אמרין עליו על רבי חנינא בן דוסא שהיה עומד ומתפלל ובא חברבר והכישו, ולא הפסיק את תפילתו. והלכו ומצאו אותו חברבר מת מוטל על פי חורו. אמרו “אי לו לאדם שנשכו חברבר, ואי לו לחברבר שנשך את רבי חנינא בן דוסא!” מה עיסקיה דהדין חברבריא? כד הוות נכית לבר נשא – אין בר נשא קדים למיא חברברא מיית ואין חברברא קדים למיא בר נשא מיית. אמרו לו תלמידיו “רבי לא הרגשת?” אמר להן “יבא עלי ממה שהיה לבי מתכוין בתפילה אם הרגשתי.” אמר רבי יצחק בר אלעזר “ברא לו הקב”ה מעיין תחת כפות רגליו, לקים מה שנאמר ‘רצון יריאיו יעשה ואת שוועת’ ישמע ויושיעם’ (תהילים קמה:כ)”:

They say about Rabbi Chanina ben Dosa that he was standing and davening and a snake came and bit him, and he didn’t stop his prayers. They went and found the snake, dead on its hole.

They said, “Woe to the person who is bitten by a snake, and woe to the snake that bites Rabbi Chanina ben Dosa!”

What is the story with this kind of snake? When it bites a person — if the person reaches water first [after being bitten by this kind of snake], the snake dies; and if the snake reaches water first, the person dies.

He students said to him, “Rebbe, didn’t you feel it?”

He said to them, “It would come upon me [something bad; i.e. Rabbi Chanina ben Dosa made an oath] from how my heart was focused on the tefillah if I felt something.

Rabbi Yitzchaq bar Eliezer said, “The Holy One, blessed is He, created [ex nihilo] for him a wellspring under the palms of his feet, to fulfill what it says, “The will of those who fear / are in awe of Him He does, and to their cries He listens and saves them.” (Tehillim 145:20 [Ashrei])

— Yerushalmi, Berakhos 5:1, pg. 38a

This snake doesn’t sound like a natural phenomenon. I would suggest that this story is told to relay the following message.

The snake, as per the story at the beginning of the Torah, represents the yeitzer hara. The water, as is usual, is Torah.

If the person reaches the Torah first, the person fulfilled the advice written outright in the Bavli (Qiddushin 30b):

If this monstrosity [i.e. the yeitzer hara] encounters you, drag him into the study hall where you will destroy him.

If we translate R’ Chanina ben Dosa’s response literally, without interpolation, he said, “Something from what I thought about during prayer should come upon me if I felt it!” Meaning, he had been momentarily distracted, giving the “snake” an opportunity.

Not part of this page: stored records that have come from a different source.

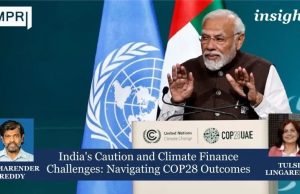 India's Caution And Climate Finance Challenges: Navigating COP28 Outcomes – IMPRI Impact And Policy Research Institute India's Caution and Climate Finance Challenges: Navigating COP28 Outcomes
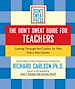 Télécharger le livre :  The Don't Sweat Guide for Teachers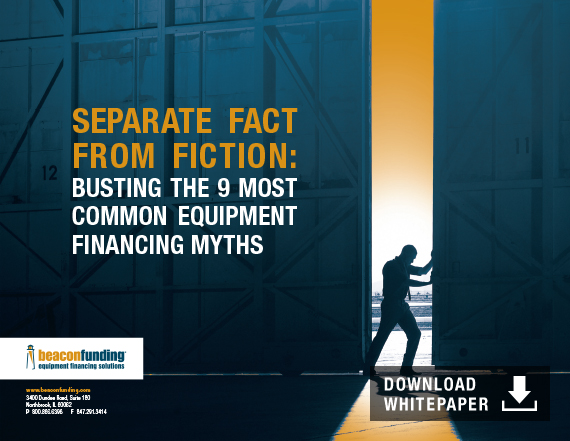 Busting the 9 Most Common Equipment Financing Myths White Paper
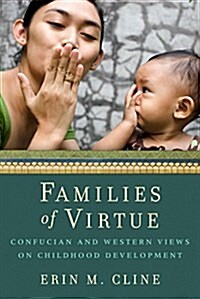Families of Virtue: Confucian and Western Views on Childhood Development (Hardcover)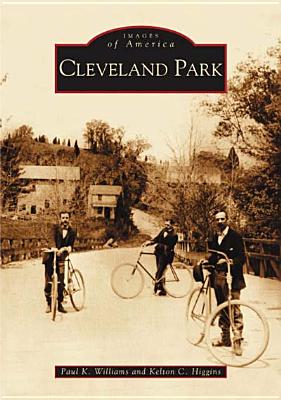 Cleveland Park (Images of America) By Paul K. Williams, Kelton C. Higgins Cover Image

But, had it been more than that slight hesitation, the yeitzer hara would have been able to get him. However, since his tefillah was pure, R’ Yitzchaq ben Eliezer says Hashem rewarded him by creating a wellspring of Torah under Rabbi Chanina’s feet, Rabbi Chanina focused on the Torah thoughts that flowed from his prayer, and was immobilized, freed from that momentary thought planted by the yeitzer hara.

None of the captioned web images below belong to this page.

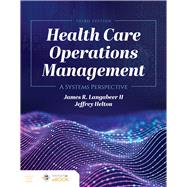 Health Care Operations Management A Systems Perspective by Langabeer II, James R.; Helton, Jeffrey, 9781284194142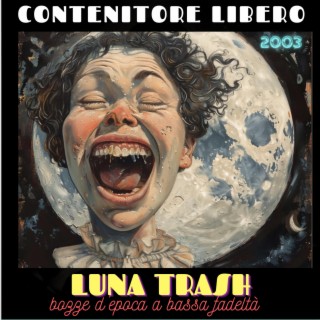 Luna trash (bozze d'epoca a bassa fedeltà)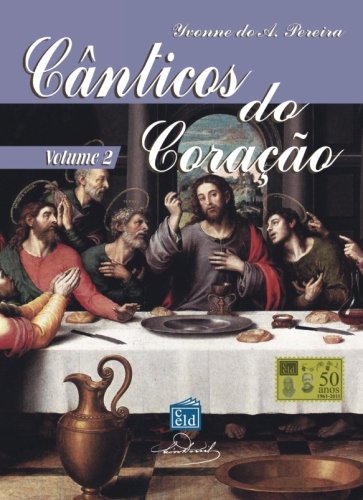 Stock image for Canticos do Coracao - Volume 2 (Portuguese Edition) for sale by Books Unplugged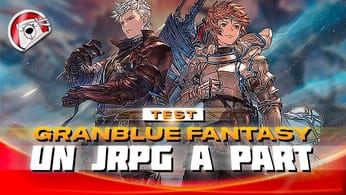 LE JRPG DÉFOULOIR - Granblue Fantasy Relink - TEST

Within this understanding of the message of the story, the second part of this warning about how this snake operates is very powerful: If the yeitzer hara reaches the water first, so that it uses selective quoting and manipulation of the Torah to convince the person that his deeds are holy and that he is doing Hashem’s will, then all is lost. Nothing is as dangerous as a “pious” sinner.